DATASET EXCERPTS section start

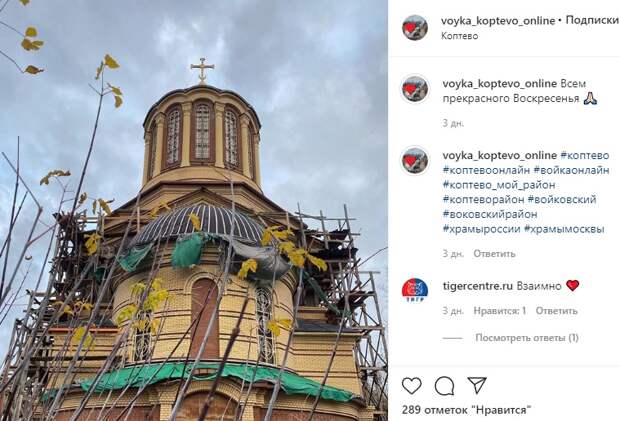 Фото дня: строящийся храм на Большой Академической
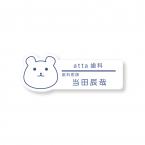 ネームプレート クマ型 28×76mm 二層板(白・青) オリジナル名入れ ピン・クリップ両用タイプ 制作代込み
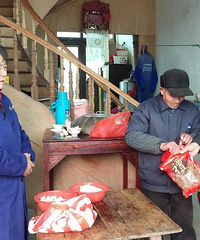 �����ɳ�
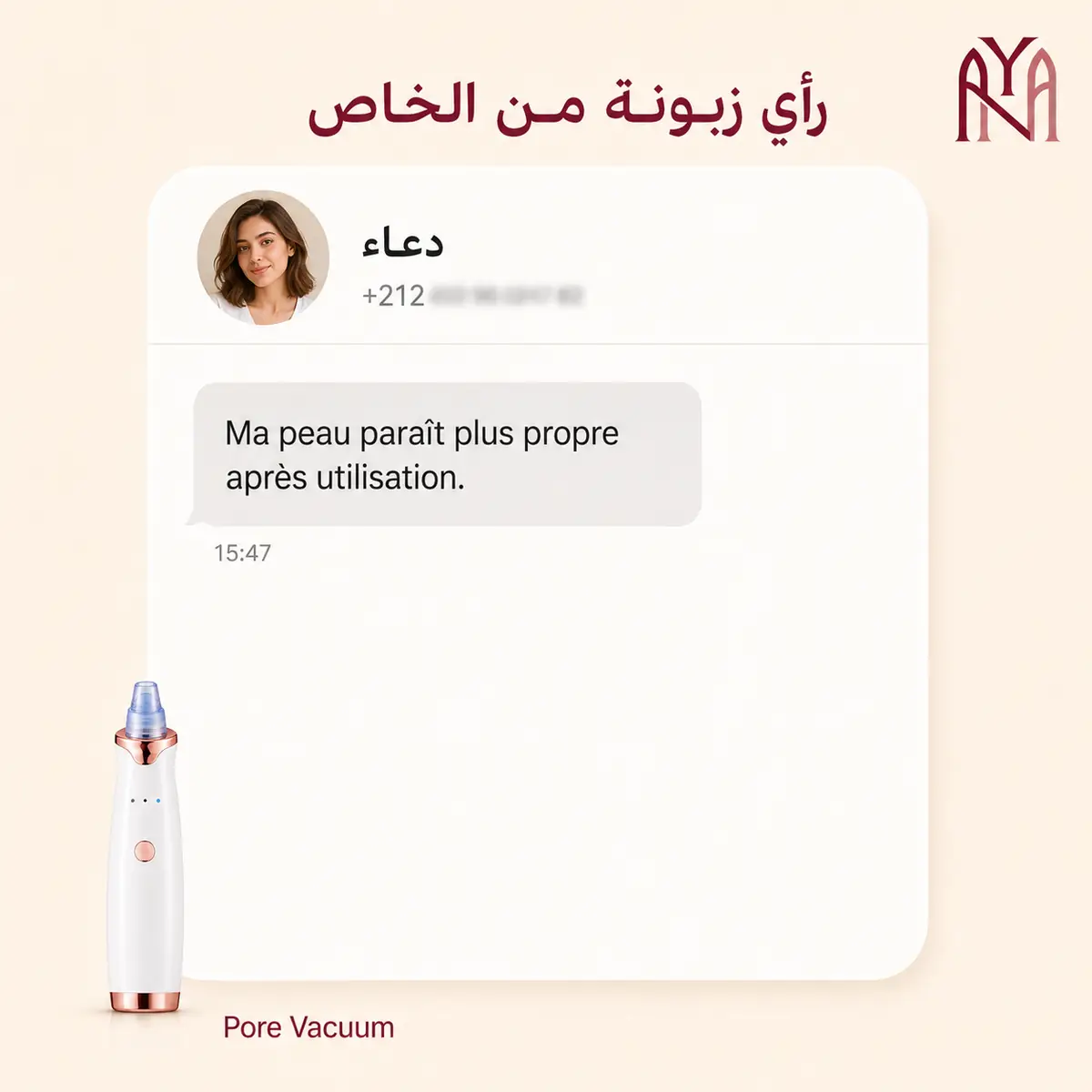 رأي زبونة 2 على جهاز تنظيف المسام
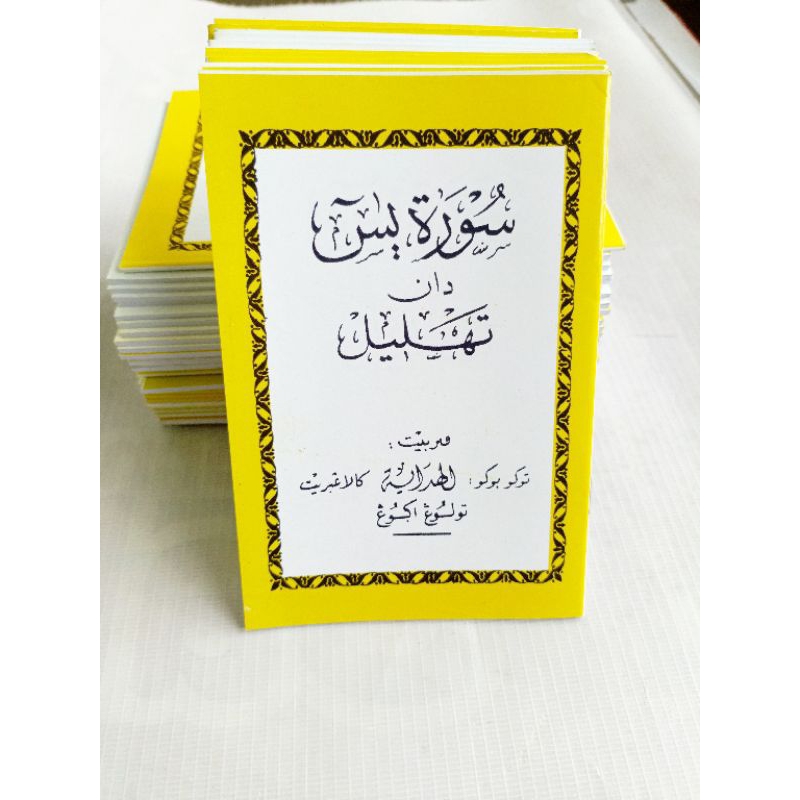 Yasin/Buku Yasin ARAB Kecil 3/4 HVS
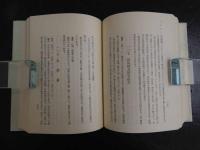 ４　漢方入門講座　上下巻　増補改訂　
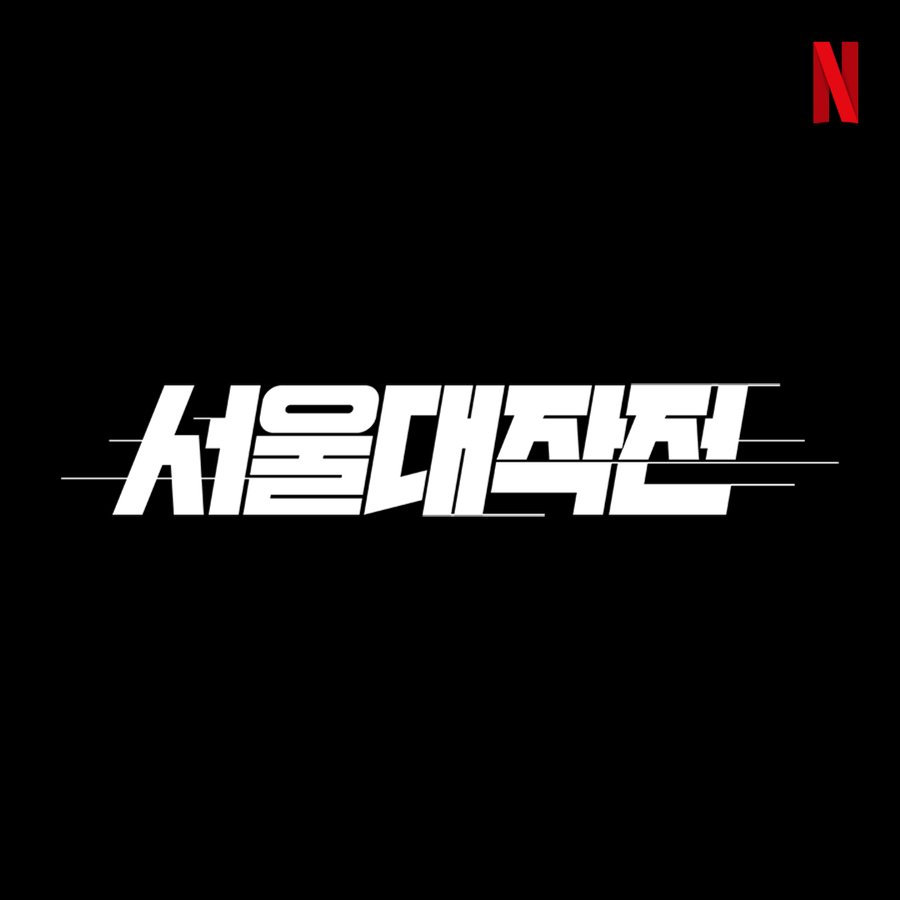 Netflix Korea announces stills of a large wave of original and innovative works in 2022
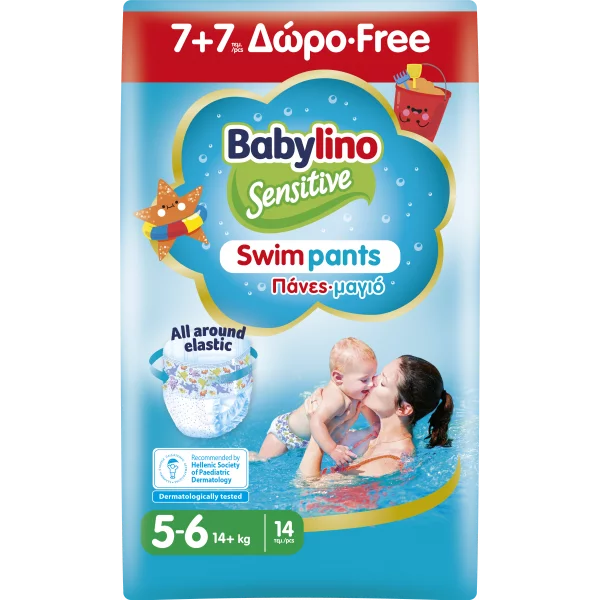 Pannolini piscina taglia 4-5 Babylino Sensitive - Da 9 a 15 kg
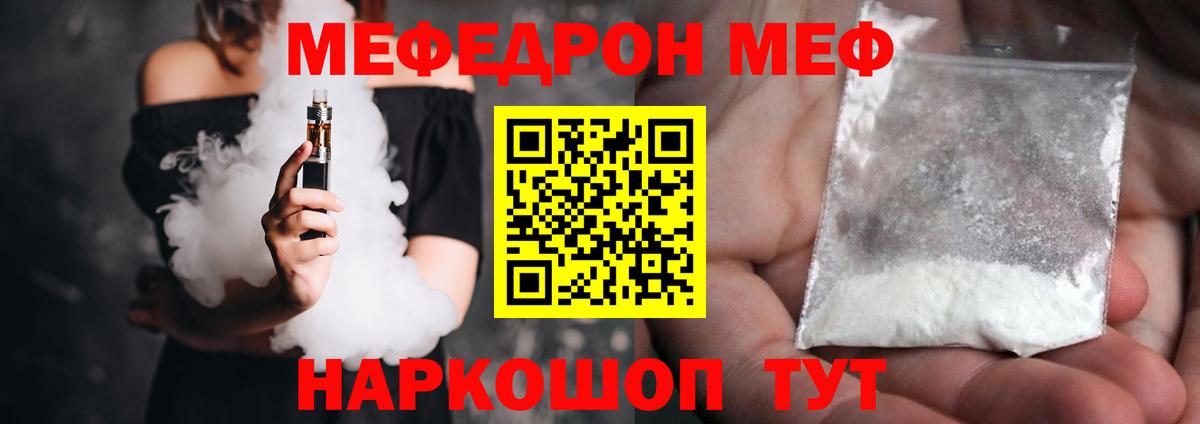 Меф кристаллы Пугачёв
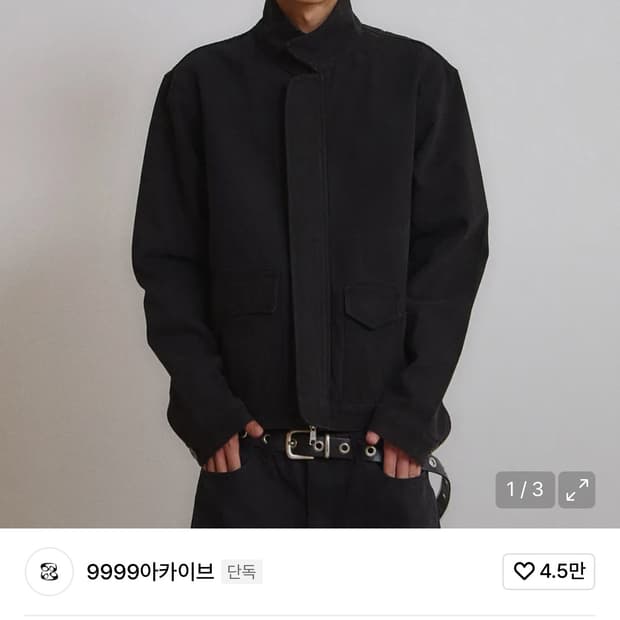 9999아카이브 High Neck Oblique Pocket Jacket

DATASET EXCERPTS section end

== TASK DIRECTIONS ==
Return the material in full, word for word, and skip the pictures.

== ANSWER TO THE EXERCISE ==
 Фото дня: строящийся храм на Большой Академической
 ネームプレート クマ型 28×76mm 二層板(白・青) オリジナル名入れ ピン・クリップ両用タイプ 制作代込み
 �����ɳ�
 رأي زبونة 2 على جهاز تنظيف المسام
 Yasin/Buku Yasin ARAB Kecil 3/4 HVS
 ４　漢方入門講座　上下巻　増補改訂　
 Netflix Korea announces stills of a large wave of original and innovative works in 2022
 Pannolini piscina taglia 4-5 Babylino Sensitive - Da 9 a 15 kg
 Меф кристаллы Пугачёв
 9999아카이브 High Neck Oblique Pocket Jacket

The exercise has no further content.